Load time optimization: download search index asynchronously; make cacheable #2700

xal-0 · 2025-05-06T23:41:25Z

If you have not visited https://docs.julialang.org for 10 minutes, there is a very noticeable delay as all of the assets hosted by GitHub are either validated or redownloaded. The worst offender is search_index.js, which is 4.4 MiB (1 MiB gzipped).

This PR does two things to make the situation a little better:

We block rendering until the search index is fully loaded, even though search.js handles asynchronously loading the index just fine. This is a simple matter of making the script tag async.
The search index becomes stale absurdly quickly. Unfortunately, GitHub pages sets Cache-Control: max-age=600 on everything it hosts, so we're mostly stuck with this situation there. We can still make it a little better for docs hosted elsewhere by putting the search index's hash into its filename, so it can stay fresh indefinitely.

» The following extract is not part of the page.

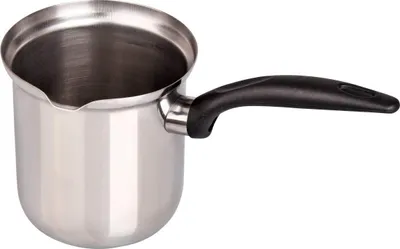 Image de Fackelmann Pot à café Ø 9 cm, pot à lait en acier inoxydable, pot à moka adapté aux plaques vitrocéramiques/four à gaz/induction/électrique (couleur : noir/argent)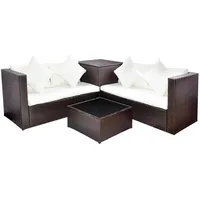 VidaXL 4-tlg. Garten-Lounge-Set mit Auflagen Poly Rattan Braun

Before, with slow internet and render blocking network requested boxed in red:

After:

fingolfin · 2025-05-07T13:59:44Z

Thank you, sounds useful!

Prettier fails (note that we use Prettier v2 not v3)

Also needs a changelog entry

CHANGELOG.md

fingolfin · 2025-05-07T23:25:09Z

CHANGELOG.md

@@ -15,6 +15,7 @@ and this project adheres to [Semantic Versioning](https://semver.org/spec/v2.0.0

 * Refactored `deploydocs` internals to allow dispatch on the `versions` keyword, intended as a non-public API for DocumenterVitepress which cannot use the default versioning mechanism during deployment ([#2695]).
 * Use different banners for dev and unreleased docs ([#2382], [#2682])
+* The search index now loads asynchronously, and can be cached indefinitely. ([#2702], [#2700])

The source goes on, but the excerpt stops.